And then when it comes to the crunch, the party which benefitted can also deny any knowledge.
It’s not going to happen too often. And RTE will probably be a bit more vigilant. But that said, reading out a tweet like that is akin to asking the ‘you are a spouse-beater’ question.
Defenders of Twitter say it is a self-policing medium, as others in the ‘community’ will force the falsehoods out. Yep, but sometimes long after the damage has been done. And it’s not that quick at correcting falsehoods. Yesterday, there was a tweet that must have been retweeted a million times that Hugh Morgan was going to release stilll CCTV images of Gallagher arriving at his business.
That was untrue. And the images never materialised.
Incidentally, the supreme irony of the whole thing was that for a guy who gives motivational talks and is in the communications business, Gallagher is a poor communicator. He did not understand the medium, was never comfortable when talking live, struggled to explain things, and did it very badly. He had neither the composure or hyper-articulacy to withstand the barrage.
In contrast was Glenna Lynch. When I saw her and heard her really pointed question, the first thing that came into my head was ‘plant’. But she wasn’t.

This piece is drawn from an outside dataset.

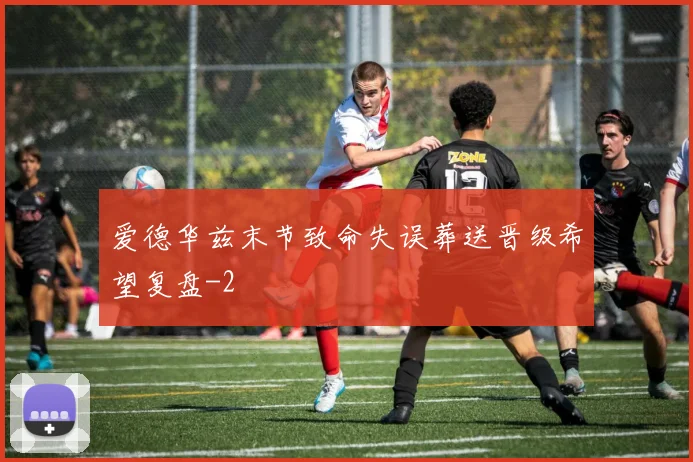 爱德华兹末节致命失误葬送晋级希望复盘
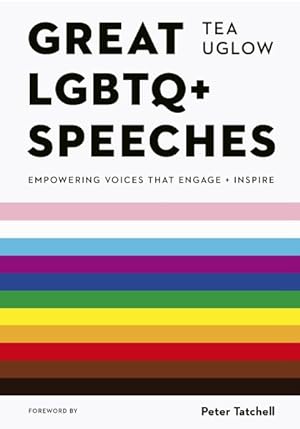 Imagen del vendedor de Great Lgbtq+ Speeches : Empowering Voices That Engage and Inspire a la venta por GreatBookPrices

She was an ordinary member of the public (albeit one that was now going to vote for Michael D) with no party connections, but one who was very critical, very hostile and very disdainful of Gallagher. Which is fair enough. (Well, unfair enough – there’s nothing fair about election campaigns!) She really filleted him, although with perfectly legitimate and correct questions about his business.
The truth is this. Gallagher’s business affairs had to be completely and utterly above suspicion. There could not even be a smidgen of doubt that there was anything untoward and not correct. And he failed to do that.
And boy, what a natural she was when it came to putting her point across.
Incidentally 2. Malcolm Gladwell wrote a great article in the New Yorker several months ago describing how its evangelists have oversold the scope and influence of Twitter, especially during protests in Iran and elsewhere. It’s worth checking out… just for a bit of balance of course!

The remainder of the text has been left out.